I don't know why so many people think D2 is tougher than S30V. If not properly heat treated, S30V can be chippy, which shows a lack of toughness. But properly treated, it is tougher than D2 by a fair margin.
In addition, S30V has superior wear resistance, is finer grained and has much better stain resistance. The only area where D2 has an advantage over S30V is in ease of manufacturing. S30V can also support more acute blade/edge geometry, which improves edge retention, cutting performance and ease of sharpening.
D2 is an excellent knife steel. S30V is better.
I think the main issue with S30V for me is that the vast majority of companies seem to have a good amount of trouble making the heat treat consistent, so you often end up with a blade that IS more prone to chipping that D2. In my experience, about 1/10 knives I have seen with S30V have seemed to have the right amount of toughness in them for what S30V claims in its specs.
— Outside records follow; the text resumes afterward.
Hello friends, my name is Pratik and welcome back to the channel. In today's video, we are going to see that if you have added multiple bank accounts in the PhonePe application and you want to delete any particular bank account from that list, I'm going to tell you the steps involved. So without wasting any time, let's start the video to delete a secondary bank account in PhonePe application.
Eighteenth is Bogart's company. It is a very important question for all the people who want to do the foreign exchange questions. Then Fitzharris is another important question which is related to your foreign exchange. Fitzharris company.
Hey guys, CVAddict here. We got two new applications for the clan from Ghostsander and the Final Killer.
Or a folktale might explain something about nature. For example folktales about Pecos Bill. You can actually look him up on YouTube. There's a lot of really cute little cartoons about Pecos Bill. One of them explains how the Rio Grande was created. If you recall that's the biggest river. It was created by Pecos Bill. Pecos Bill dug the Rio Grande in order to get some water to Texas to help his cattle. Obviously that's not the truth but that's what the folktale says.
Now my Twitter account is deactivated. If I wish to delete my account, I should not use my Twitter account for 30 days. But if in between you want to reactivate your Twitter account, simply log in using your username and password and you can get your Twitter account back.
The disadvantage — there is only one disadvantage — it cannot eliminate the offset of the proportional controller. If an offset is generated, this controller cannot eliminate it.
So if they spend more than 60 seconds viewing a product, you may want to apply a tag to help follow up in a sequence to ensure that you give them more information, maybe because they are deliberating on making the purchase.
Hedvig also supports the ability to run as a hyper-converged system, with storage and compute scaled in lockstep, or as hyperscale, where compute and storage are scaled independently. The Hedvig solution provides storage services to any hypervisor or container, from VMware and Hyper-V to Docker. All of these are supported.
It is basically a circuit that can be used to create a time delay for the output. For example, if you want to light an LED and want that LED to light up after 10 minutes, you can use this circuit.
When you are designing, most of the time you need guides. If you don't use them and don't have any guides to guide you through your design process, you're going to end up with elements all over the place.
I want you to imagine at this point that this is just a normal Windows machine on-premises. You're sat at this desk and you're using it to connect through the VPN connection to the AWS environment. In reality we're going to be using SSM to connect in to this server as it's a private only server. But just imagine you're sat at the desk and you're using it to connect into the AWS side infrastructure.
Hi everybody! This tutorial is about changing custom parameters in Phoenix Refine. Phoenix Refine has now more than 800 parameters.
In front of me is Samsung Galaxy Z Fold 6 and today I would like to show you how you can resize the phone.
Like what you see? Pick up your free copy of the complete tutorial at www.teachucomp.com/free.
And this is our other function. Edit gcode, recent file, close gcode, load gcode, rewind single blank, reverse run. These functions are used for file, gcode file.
The rest of them were prone to have immediate issues with micro-chipping and eventually lager chips in the blade.
I like both steels, but I honestly won't get S30V on a knife at all if I can help it, just because of all of the issues I have had with it in the past on my own knives, and in the knives of the people I know, as I am the only one in my area that has a full sharpening system, and get stuck sharpening and fixing their blades when they start to chip out.
For my money, I would go with D2, not because it is a better steel, but because it is morel likely to be the steel it is
supposed to be from more manufacturers.
I have also found that D2 is much easier to sharpen in my experience (and gets to a finer polished edge more easily because it does not have Vanadium in it), though neither D2 nor S30V are particularly hard to sharpen at all when you have the right tools for the job.
S30V has small carbides and D2 has large carbides . Therefore S30V will be sharper [ keener edge ]. Part of D2 wear is the breaking out of large chunks of carbides making D2 'seem to ' wear better.
And for the record, generally D2 is not going to have larger carbides than S30V, but the carbides are more likely to be somewhat unevenly distributed in the steel. Vanadium, which produces very large and hard carbides, is very abundant in S30V compared to D2, but the carbides are more evenly distributed because of the CPM process used to make S30V.
If you compare CPM-D2 and S30V, you will find that the carbides in CPM-D2 are notably finer overall, and the steel takes a very keen edge. The difference we see in normal D2 and S30V is the difference between ingot and powdered steels for the most part.
There is a reason why Sebenzas and other high end knives come in S30V and not D2...just saying. S30V is the nicer steel.
The main reason that S30V was developed was largely to reproduce the performance of a steel like D2 in something that was highly stain resistant. The same can be said of CTS-XHP as well, which was originally described as a stainless D2.
Chris Reeve himself has said on many occasions that one of his main concerns in the steel on his blades is how corrosion-resistant they are, as he wants to make his knives available for as many people as possible, in as many different types of environments as possible.
And I have seen several higher-end knives in D2, including a large number of custom knives.